═══ Dataset extract

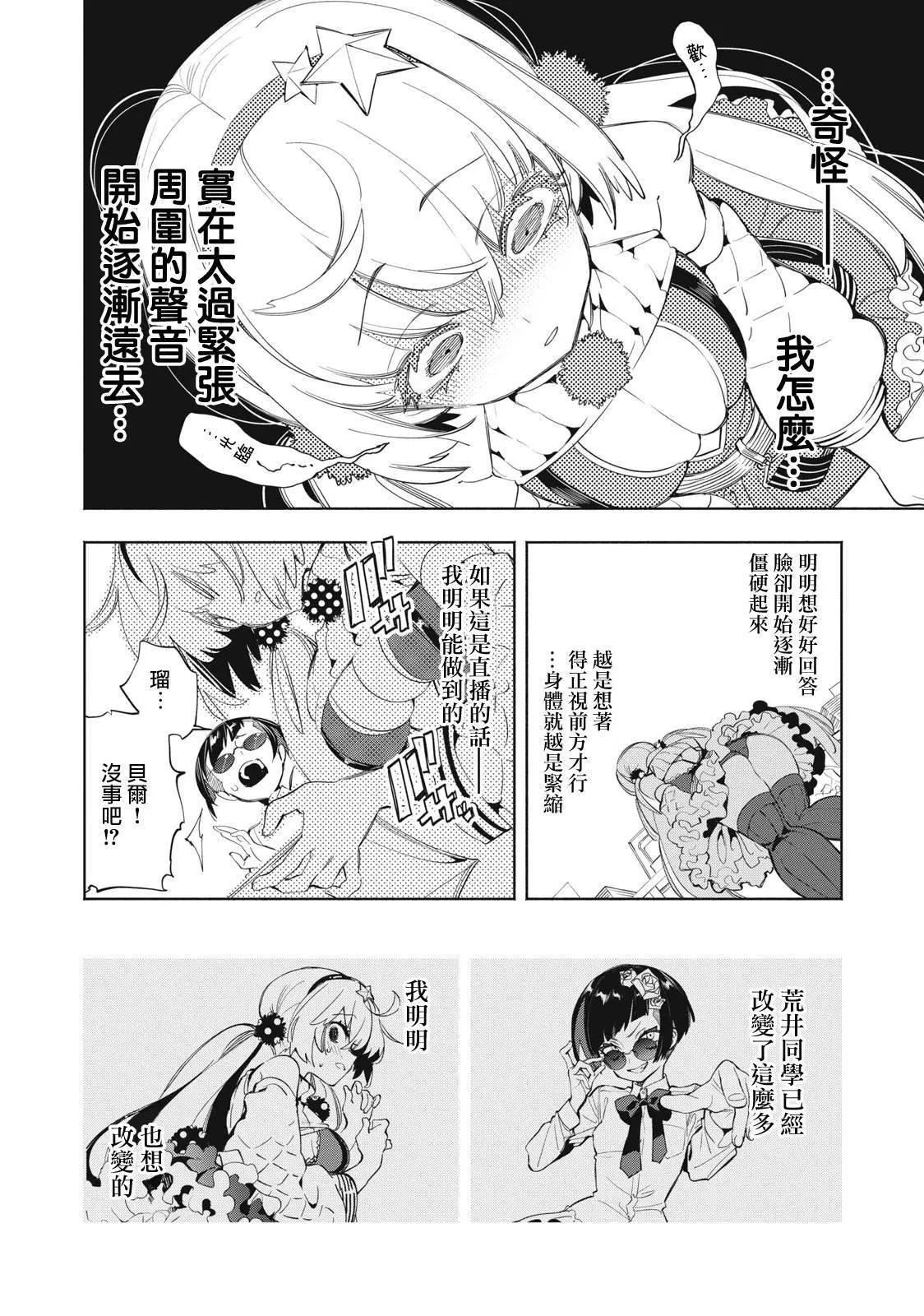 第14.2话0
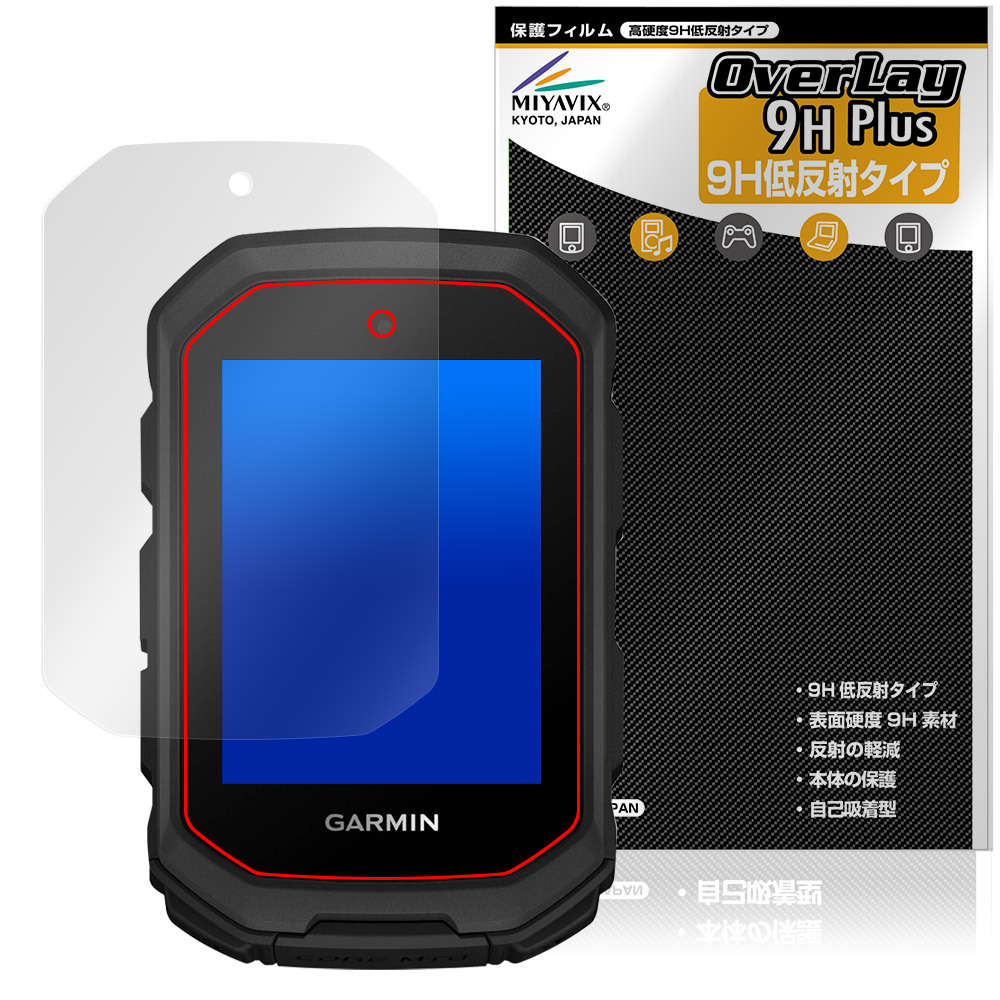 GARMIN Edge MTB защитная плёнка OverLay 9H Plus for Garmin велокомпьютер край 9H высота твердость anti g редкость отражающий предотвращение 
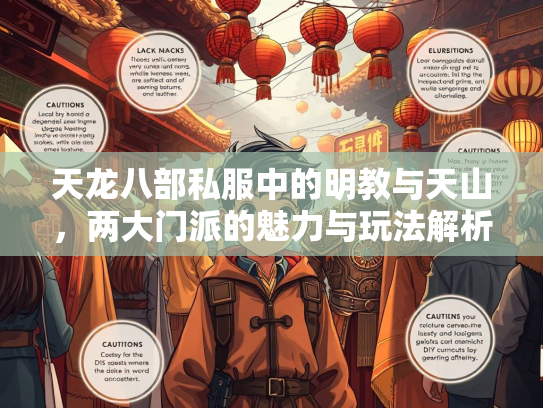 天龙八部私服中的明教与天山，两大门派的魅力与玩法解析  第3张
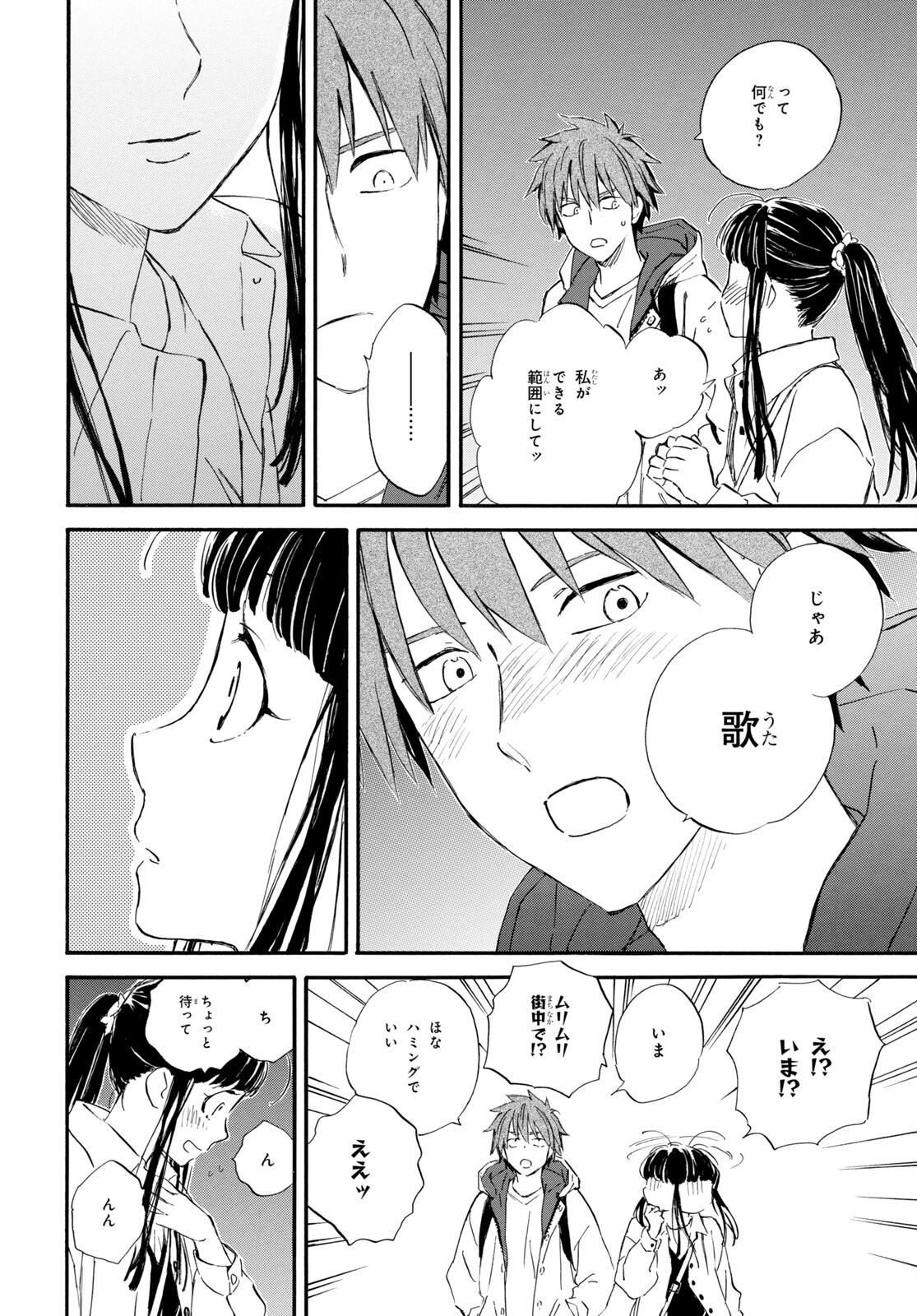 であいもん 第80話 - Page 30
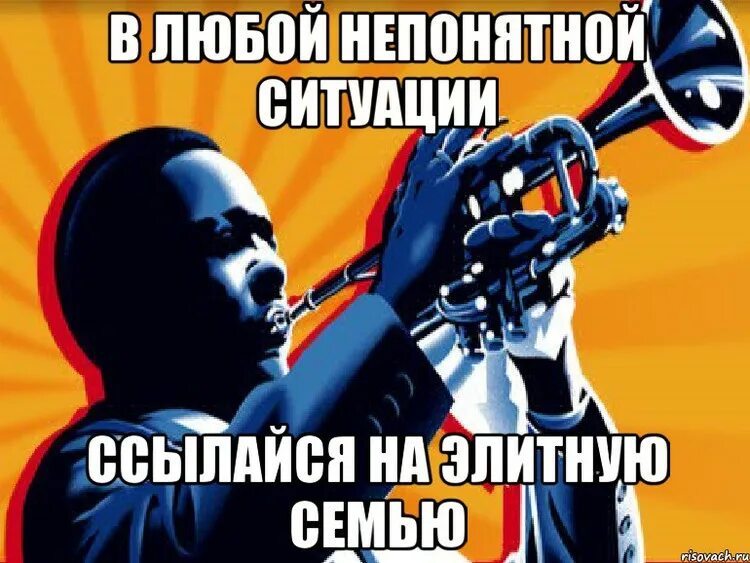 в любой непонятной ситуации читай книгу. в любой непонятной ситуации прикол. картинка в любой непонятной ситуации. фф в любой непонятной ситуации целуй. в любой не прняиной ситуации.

══════

Requirement: Your reply should hold every line above exactly as written and none of the pictures.

Written answer:
 第14.2话0
 GARMIN Edge MTB защитная плёнка OverLay 9H Plus for Garmin велокомпьютер край 9H высота твердость anti g редкость отражающий предотвращение 
 天龙八部私服中的明教与天山，两大门派的魅力与玩法解析  第3张
 であいもん 第80話 - Page 30
 в любой непонятной ситуации читай книгу. в любой непонятной ситуации прикол. картинка в любой непонятной ситуации. фф в любой непонятной ситуации целуй. в любой не прняиной ситуации.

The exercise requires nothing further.